**Dataset excerpts**
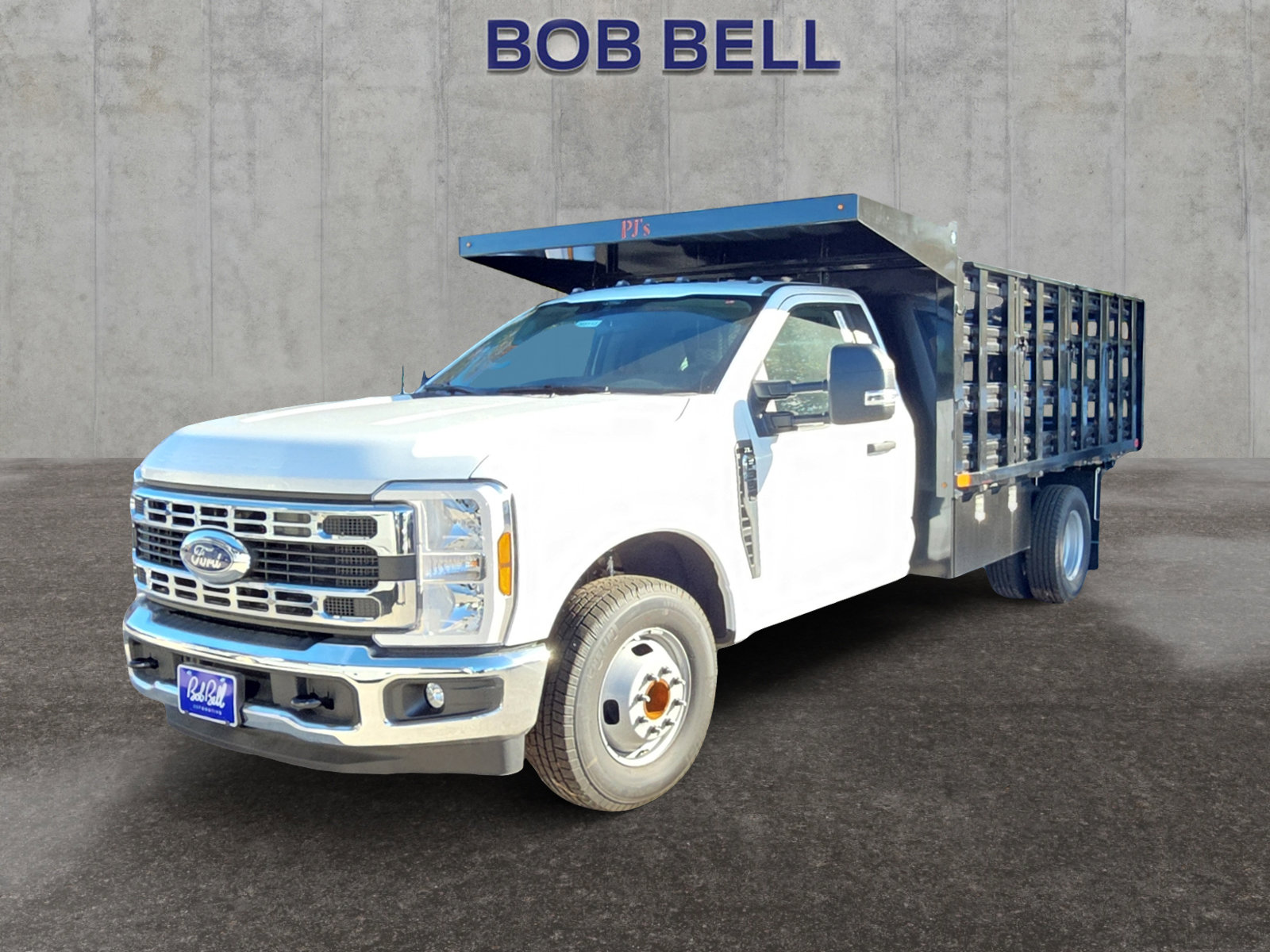 2026 Ford F-350 Super Duty Chassis Cab XL's photo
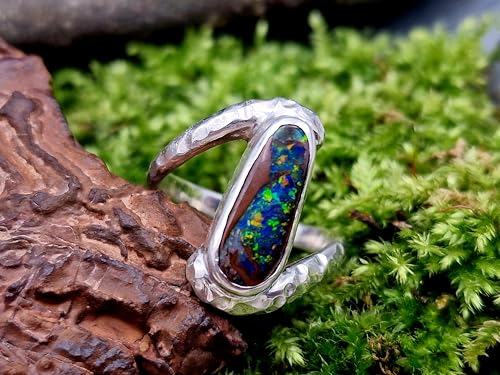 LeoLars-PABE Multicolor Boulder Opal Design Ring, Gr. 56-57 (18), aus 925er Silber mit gehämmerter versetzter Ringschiene, Opal Multicolor Pinfire, sehr brilliant, Unikat, Handarbeit
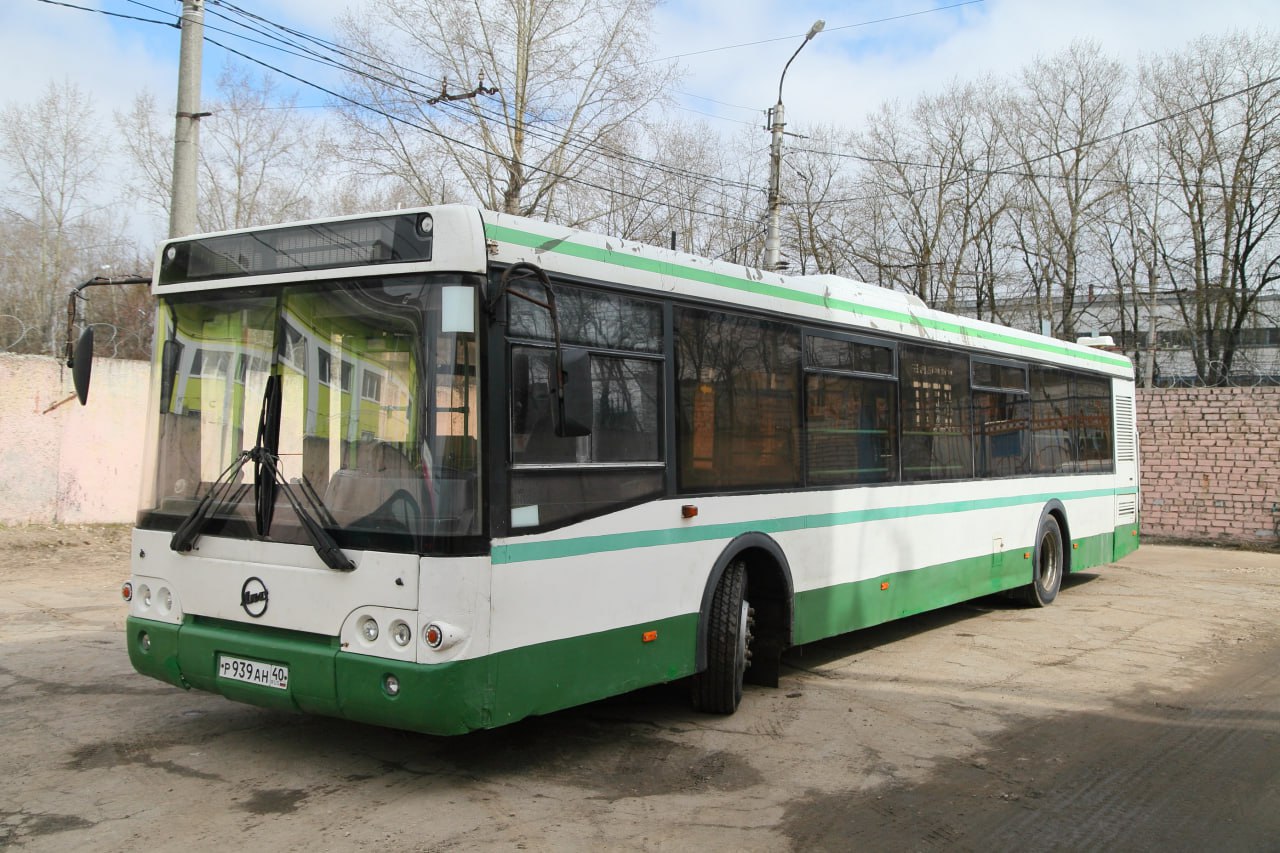 В Калуге передали пассажирский автобус для бойцов СВО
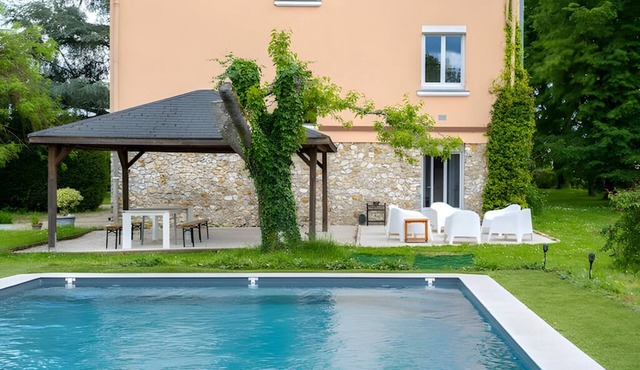 Villa Poirier: Family Country House
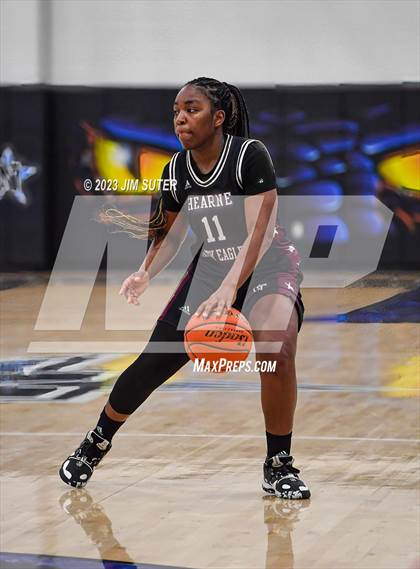 Thumbnail 3 in Hearne vs Weimar (UIL 2A Reg IV Bi-District Playoff) photogallery.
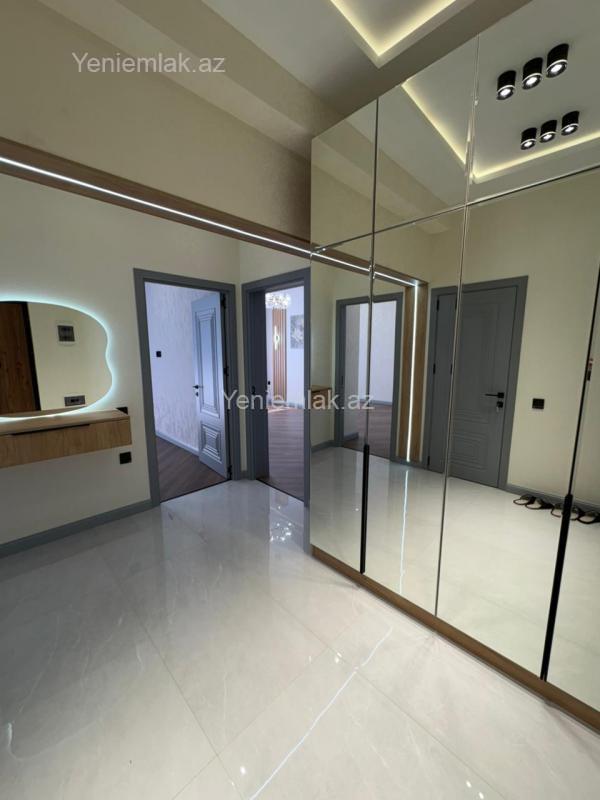 Satılır 3 otaqlı yeni tikili 80 m²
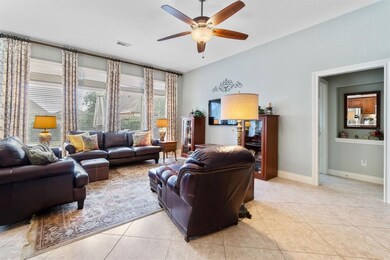 31866 Forest Oak Ln, Conroe, TX 77385 - photo 4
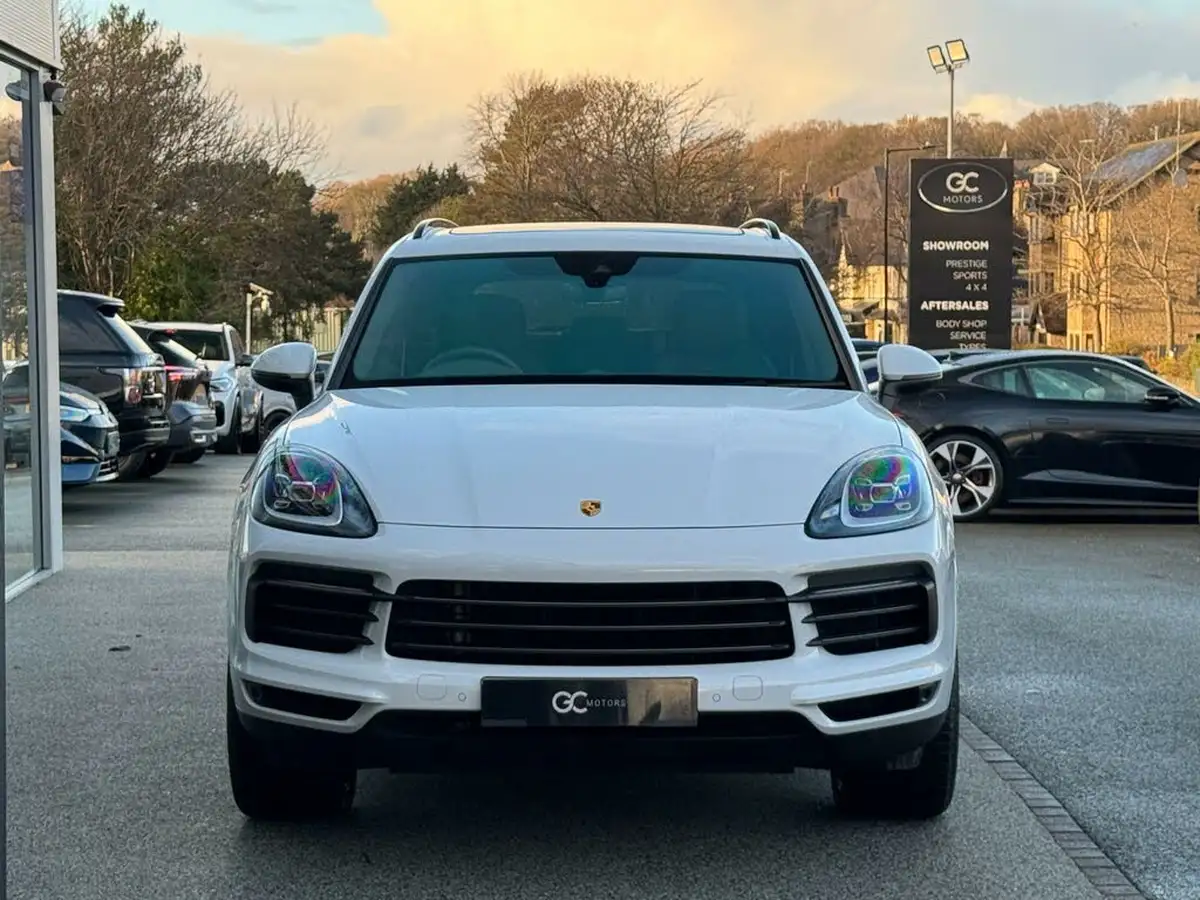 2022-porsche-cayenne-30-v6-platinum-edition-station-wagon-big-1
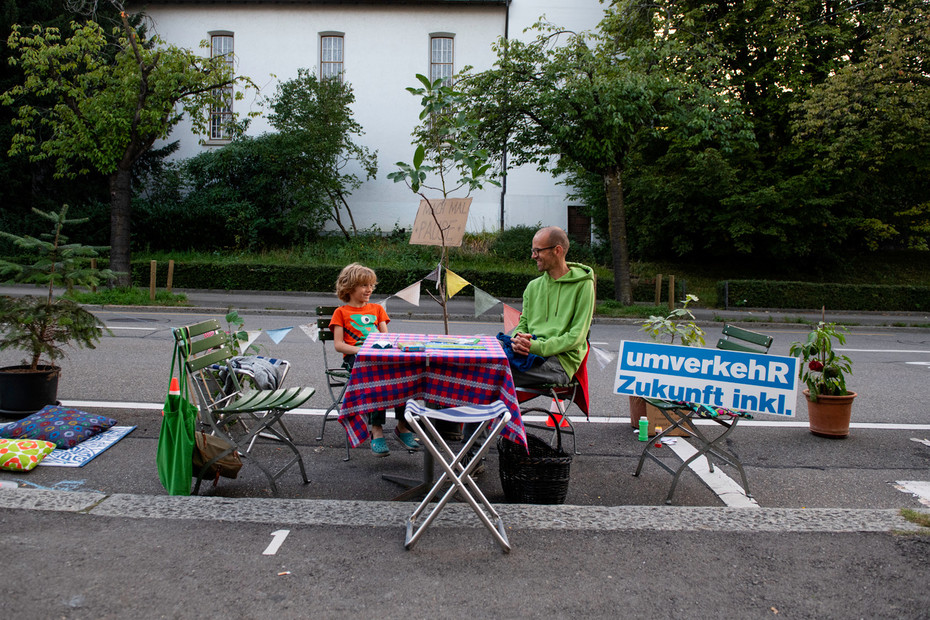 Lauschige grüne Oase der Begegnung von Nora an der Fellenbergstrasse am PARK(ing) Day 2020 in Zürich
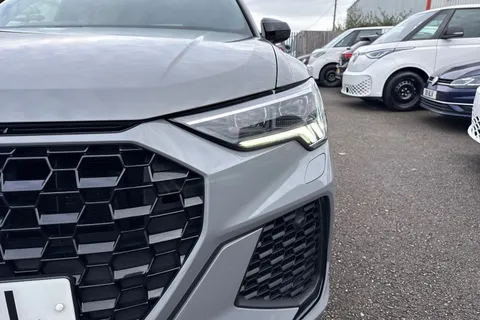 32 of 64 for Audi RS Q3 2.5 TFSI Audi Sport Edition Sportback S Tronic quattro Euro 6 (s/s) 5dr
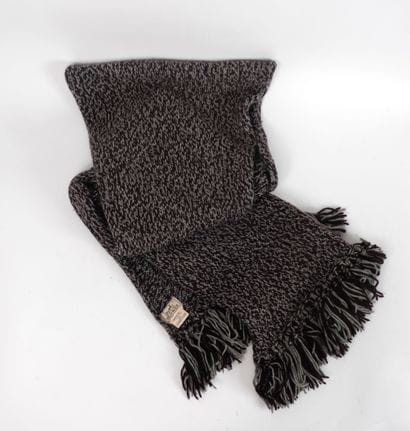 HERMES 
Grey and violet cashmere knit scarf...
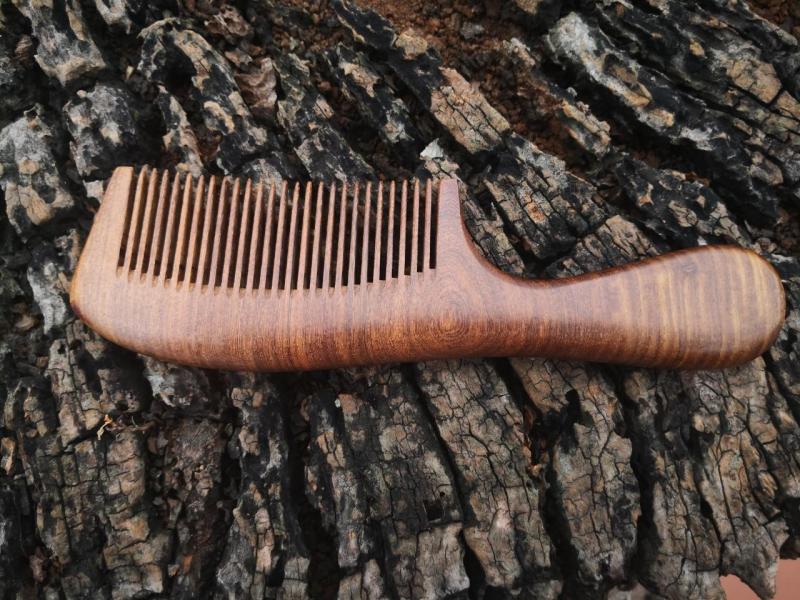 Lược gỗ dài đàn hương DH18 -tốt cho sức khỏe, giảm căng thẳng mệt mỏi - món quà ý nghĩa cho người thân cao cấp
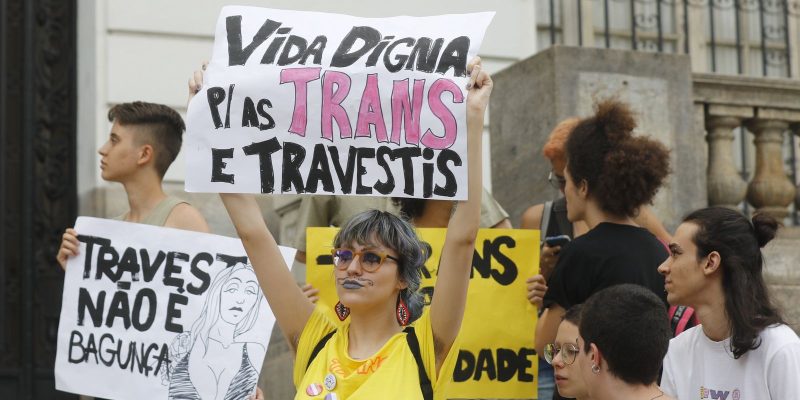 Novembro Azul deve incluir mulheres trans, defendem urologistas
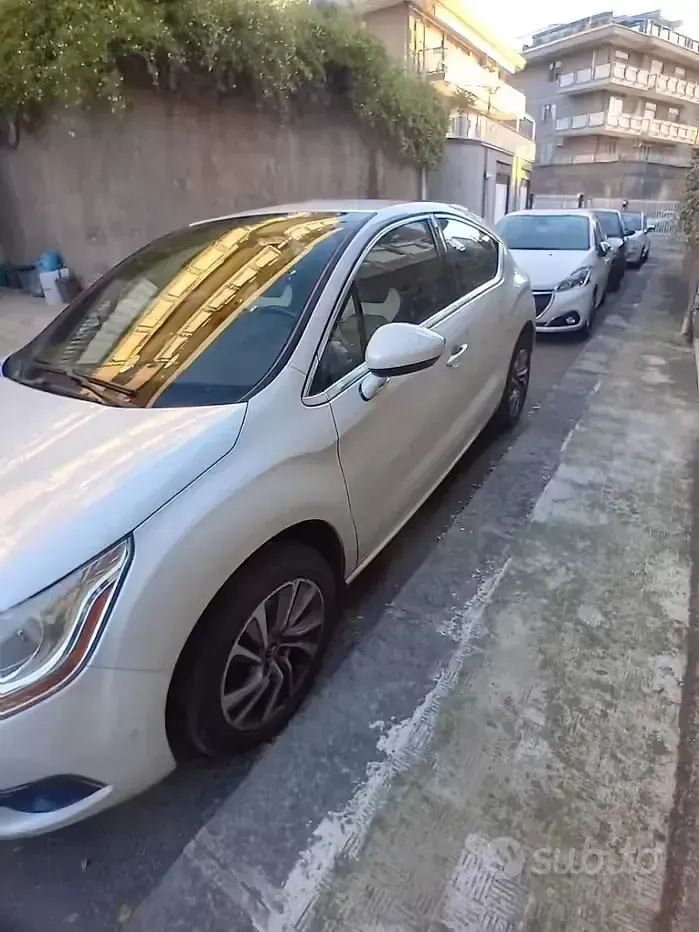 Usata Citroën DS4 120 CV (88 kW) 2012 Bianco Utilitaria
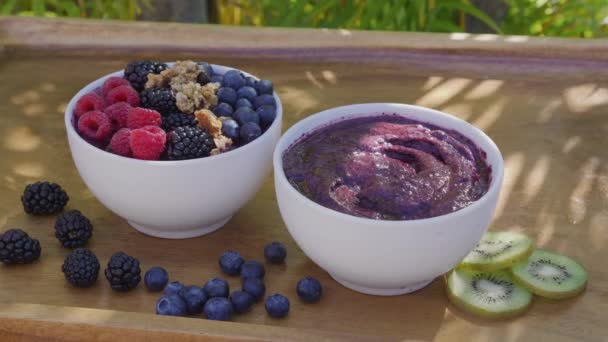 木製のテーブルの上に様々な果実や果物のボウル 健康的な朝食 — ストック動画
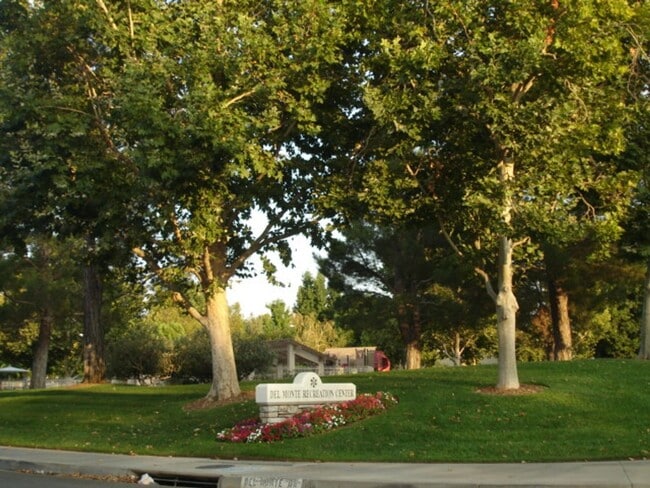 Building Photo - LEASE PENDING! 2 Bedroom Home in Valencia!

**Activity**
Extract all the data above exactly, excluding every picture.

**Result below**
 2026 Ford F-350 Super Duty Chassis Cab XL's photo
 LeoLars-PABE Multicolor Boulder Opal Design Ring, Gr. 56-57 (18), aus 925er Silber mit gehämmerter versetzter Ringschiene, Opal Multicolor Pinfire, sehr brilliant, Unikat, Handarbeit
 В Калуге передали пассажирский автобус для бойцов СВО
 Villa Poirier: Family Country House
 Thumbnail 3 in Hearne vs Weimar (UIL 2A Reg IV Bi-District Playoff) photogallery.
 Satılır 3 otaqlı yeni tikili 80 m²
 31866 Forest Oak Ln, Conroe, TX 77385 - photo 4
 2022-porsche-cayenne-30-v6-platinum-edition-station-wagon-big-1
 Lauschige grüne Oase der Begegnung von Nora an der Fellenbergstrasse am PARK(ing) Day 2020 in Zürich
 32 of 64 for Audi RS Q3 2.5 TFSI Audi Sport Edition Sportback S Tronic quattro Euro 6 (s/s) 5dr
 HERMES 
Grey and violet cashmere knit scarf...
 Lược gỗ dài đàn hương DH18 -tốt cho sức khỏe, giảm căng thẳng mệt mỏi - món quà ý nghĩa cho người thân cao cấp
 Novembro Azul deve incluir mulheres trans, defendem urologistas
 Usata Citroën DS4 120 CV (88 kW) 2012 Bianco Utilitaria
 木製のテーブルの上に様々な果実や果物のボウル 健康的な朝食 — ストック動画
 Building Photo - LEASE PENDING! 2 Bedroom Home in Valencia!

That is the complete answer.